Making my kids’ lunches is a time-honored tradition that I enjoy daily.

By “enjoy,” I mean it’s not the most awful responsibility in the world. I put little notes in their lunchboxes, although Dylan hasn’t yet found the one I left for him in 8th grade, so mostly I put notes in Shane’s lunchbox. And in spite of my insistence to the contrary, I make plain, creamy peanut butter sandwiches for them every single day because they don’t want anything else. Well, Shane sometimes eats cheese.

The kids have their own jobs, too. They put in two items for themselves, so that they are a little more prepared for the real world when they get there. We all try hard to limit the total lunch count to 50 grams of sugar – which is about three times what they should have for the entire day. (The good news is, they have substantially healthier lunches than most of the kids who bring Lunchables or Nutella sandwiches.)

As I make those lunches, while slathering on the peanut butter, I can’t help but think about my own mother. She had three kids, not just two, and she made our lunches for all of us practically until we went off to college. I remember buying lunch a few times in high school – yuk! – and after college, I could never quite get the mix of peanut butter and jelly right, like Mom used to do. I’m still trying.

My kids won’t eat jelly. In fact, when I try something new, they come home and politely ask to never, ever get anything in their lunchboxes except creamy peanut butter sandwiches. Boring? Sure.

But classic.

I occasionally got lunchmeat in my school lunches, which was okay – but not as good as peanut butter and jelly. So I understand when they ask for the same thing every day.

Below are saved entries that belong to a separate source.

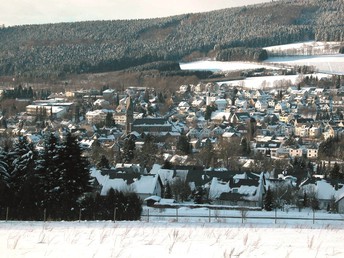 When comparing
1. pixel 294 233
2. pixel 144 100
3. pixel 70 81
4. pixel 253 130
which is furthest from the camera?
pixel 70 81

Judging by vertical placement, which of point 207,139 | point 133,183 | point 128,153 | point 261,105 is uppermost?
point 261,105

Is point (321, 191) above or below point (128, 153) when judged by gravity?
below

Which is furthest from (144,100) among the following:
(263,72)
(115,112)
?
(263,72)

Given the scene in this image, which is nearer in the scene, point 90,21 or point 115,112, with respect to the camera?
point 115,112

I used to get a sandwich and a dessert in my lunchbox every day. Dessert was usually a couple of cookies. Sometimes there would be Easter candy in there. Dessert was very exciting, so I saved it for last.

Additionally, I got something like popcorn or chips in my lunchbox. We called that the “middle thing,” because it wasn’t a sandwich or a dessert. It wasn’t healthy or absurdly sugary. The “middle thing” fell somewhere in the middle.

To this day, my kids have a sandwich, a dessert and a middle thing. It is an idea that I am passing down through the generations. Since both boys stay late at school, we’ve started adding a “snack item,” too, so they don’t starve after school.

Sure, there are other ways to make lunches. I could give them new, convenient, processed crap. Or I could just compile a bunch of healthy things in plastic containers and throw in a piece of gum for dessert. Or I could make great dinners then heat up leftovers – which I tried when Dylan was in elementary school. (He came home and asked for a peanut butter sandwich.)

This is what they like. Many of their friends “trade” in the cafeteria, because they don’t like what’s in their lunchboxes. My boys eat comparatively well, and they are maintaining healthy weights.

Best of all, they are happy when they open their lunchboxes.

Just like I was happy, when Mom made lunch for me.